Après les 41 degrés enregistrés au pic de la canicule de fin juillet, le maire PS de Vitry-le-François (Marne) et président délégué de l'association des Eco Maires ne doute plus du "chaos climatique qui s'annonce" ni de la légitimité de son bras de fer avec Total.
Avec 13 villes dont Bayonne, Bègles, Grenoble ou Nanterre et quatre associations (Notre Affaire à Tous, les Eco Maires, Sherpa et Zea), Jean-Pierre Bouquet, 67 ans, presse le géant pétrolier d'agir pour limiter le réchauffement à 1,5° et de se mettre en conformité avec la loi de 2017 sur le devoir de vigilance.
"L'objectif de Total est de réduire de 15% ses émissions de gaz à effet de serre entre 2015 et 2025 après les avoir déjà réduits de 25% depuis 2010", rétorque le groupe en soulignant que "les émissions mondiales de Total représentent moins de 10% des émissions françaises".
Insuffisant pour les protestataires qui, après une rencontre en juin avec le président de Total Patrick Pouyanné, menacent désormais de porter l'affaire devant le tribunal de commerce de Nanterre dès le 19 septembre.
"C'est la seule façon d'obliger Total à réduire vraiment ses gaz à effet de serre et se mettre en conformité avec la loi et l'accord de Paris", argue Jean-Pierre Bouquet dans son bureau, non climatisé par conviction verte.
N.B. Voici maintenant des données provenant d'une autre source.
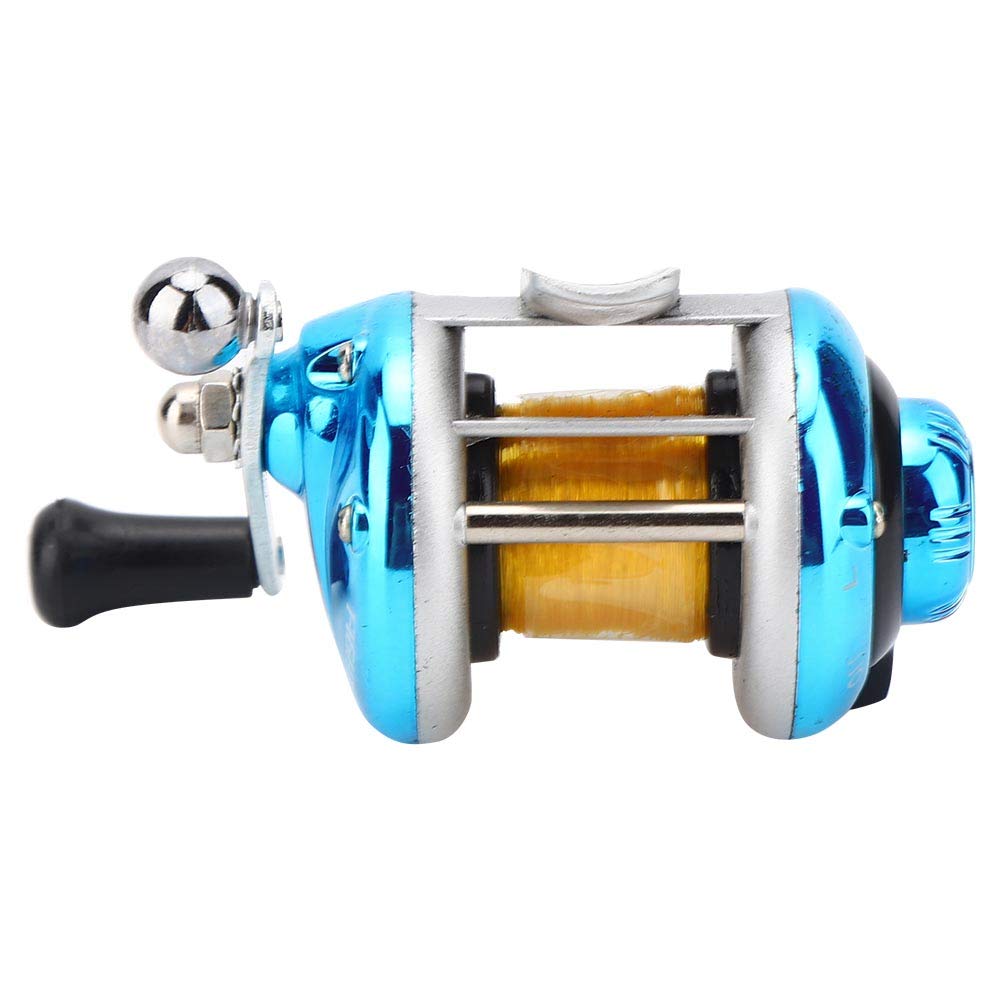 Premium ABS Drum-Type Fishing Reel - Lightweight Freshwater & Ice Fishing Gear with Smooth Drag System (Blue) | Ideal for Trout, Bass, and Walleye Fishing in Lakes and Rivers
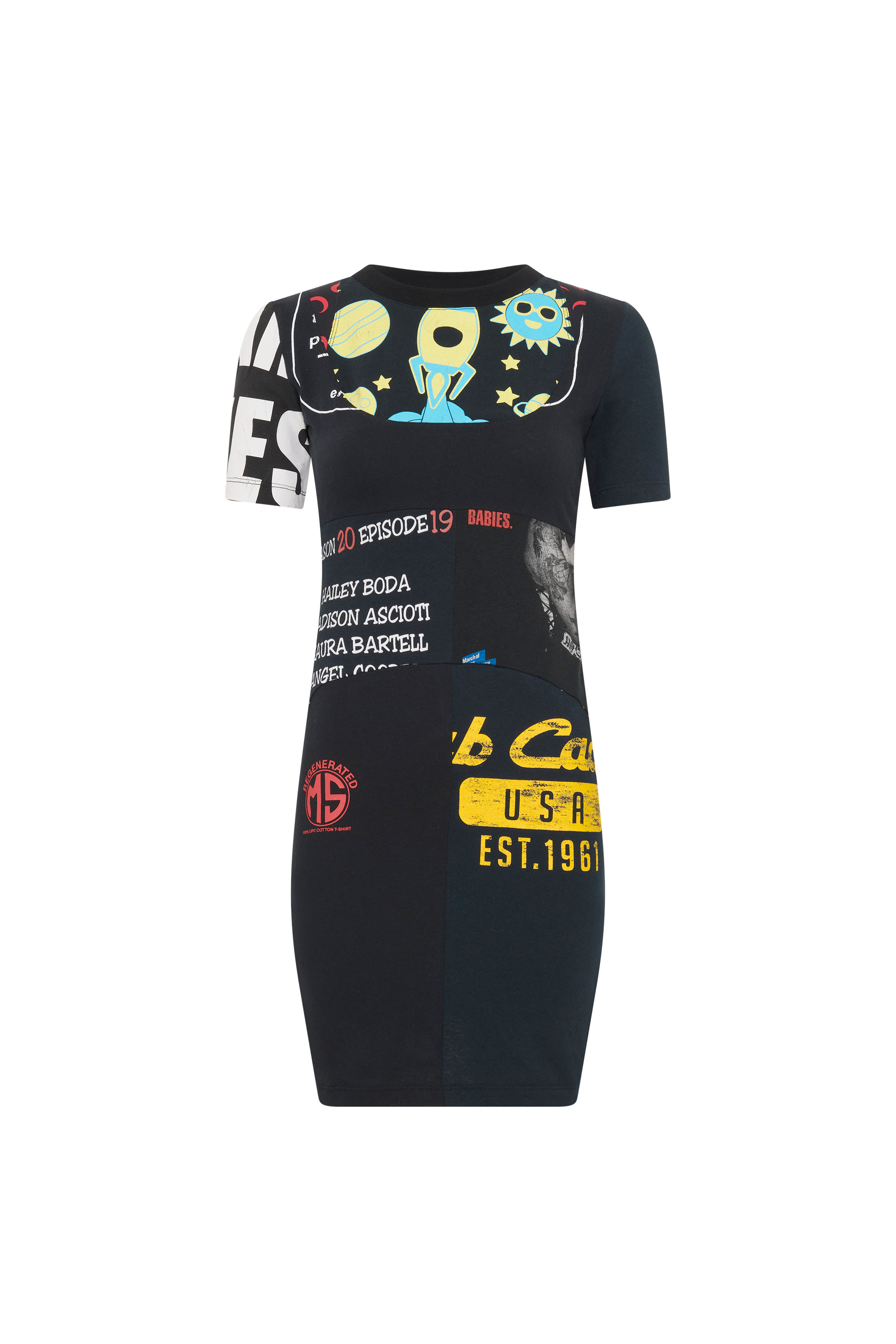 Upcycled Graphic T-Shirts Mini Dress - 14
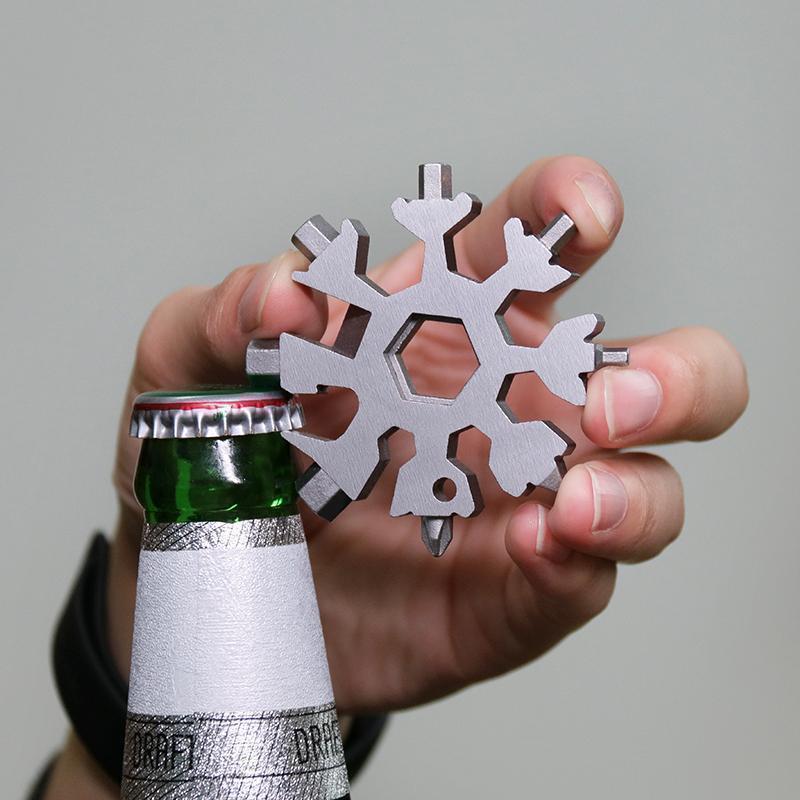 【LAST DAY SALE】18-in-1 Stainless Steel Snowflake Multi-Tool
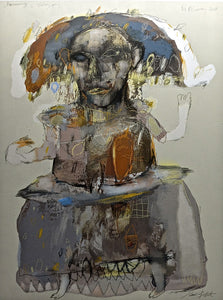 The Infanta by Jean-Louis Bessede, Acrylic on Wood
Le maire de Vitry-le-François est pourtant loin d'être un écologiste de la première heure. "Ma conversion, c'est un parcours...", reconnaît ce socialiste réputé Macron-compatible, qui n'exclut pas que sa ville de 12.500 habitants délibère sur l'urgence climatique dès cette rentrée.
"Je suis et reste social-démocrate. Mais la social-démocratie, trop imprégnée de court-terme et de productivisme, a raté le virage de l'écologie. Le modèle qu'on a connu a du plomb dans l'aile", ajoute-t-il. Sa prise de conscience, il la date de son troisième mandat (2008-2014).
- "L'esprit saint" -
"Précisément de 2010 et de l'audit Plan climat air énergie territorial qui estimait le coût de l'inaction entre 37 et 142 millions d'euros par an, soit entre 1.500 et 6.000 euros par habitant", résume celui qui préside aussi la communauté de communes Vitry, Champagne et Der (35 communes, 25.510 habitants).
"Vitry, c'est davantage la fin du mois que la fin du monde", rétorque Michel Biard, opposant LR et maire de la ville de 2001 à 2008, en raillant "l'esprit saint qui semble être tombé sur Jean-Pierre Bouquet".
"Les Vitryats, ça leur passe complètement au-dessus de la tête", juge-t-il, considérant que la santé, l'économie et l'emploi restent les priorités dans une ville qui affiche encore un taux de chômage de 13%.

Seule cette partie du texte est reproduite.